Alba di Milano
In the case of Alba di Milano, light is the monument surface itself. During the day the woven fibre optic panel is semi-transparent, with Gio Ponti’s Pirelli Tower very visible through it. It is like gossamer. At night, the entire surface becomes a dynamic painting of thousands of points of coloured light emanating from within the fibres panel. This gently curved inclined light cloth intended, among other ideas, to reflect the original idea of capturing curved light and that of the first glass fibres. In 1870, John Tyndal, a British physicist shone a light into a spout of water as it gushed out of a tank. The water fell in an arc toward the ground, and the light went with it, following the same curve. Light was trapped in the curving water. The spout of water was a light pipe demonstrating near total internal reflection. A little later, in about 1880, an English physicist, Charles Vernon Boys fired molten quartz attached to an arrow into the air. He made fine glass fibres. Thus In 1880 the ingredients for light transmission through glass fibre were in place.
The latest developments in glass products have stemmed from an understanding of the structural chemistry responsible for the versatile properties of the glassy state – states which extend from the familiar insulating behaviour which we are exploiting more and more in architecture, to the metallic.
The classic example of a new glass is the optical glass fibre.
It represents a peak in our scientific and industrial capacity to create some of the most perfect solids ever manufactured – on a par with device-grade silicon. The revolution in telecommunications is a direct result of this invention. Yet this development, which required several technological breakthroughs, including the fabrication processes to produce ultra-pure glasses and the ability to graduate the refractive index of glass fibres is only thirty years old.
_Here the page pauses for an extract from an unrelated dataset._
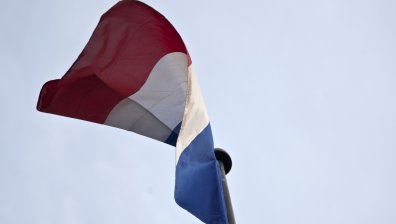 Френският посланик в Киев се обърна към сънародниците си: Запасете се с храна и вода!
In its simplest terms, a fibre optic is a medium for carrying information from one point to another in the form of light. Unlike the copper form of transmission, fibre optics is not electrical in nature.
A basic fibre optic system consists of a transmitting device, which generates the light signal; an optical fibre cable, which carries the light; and a receiver, which accepts the light signal transmitted. The fibre itself is passive and does not contain any active, generative properties.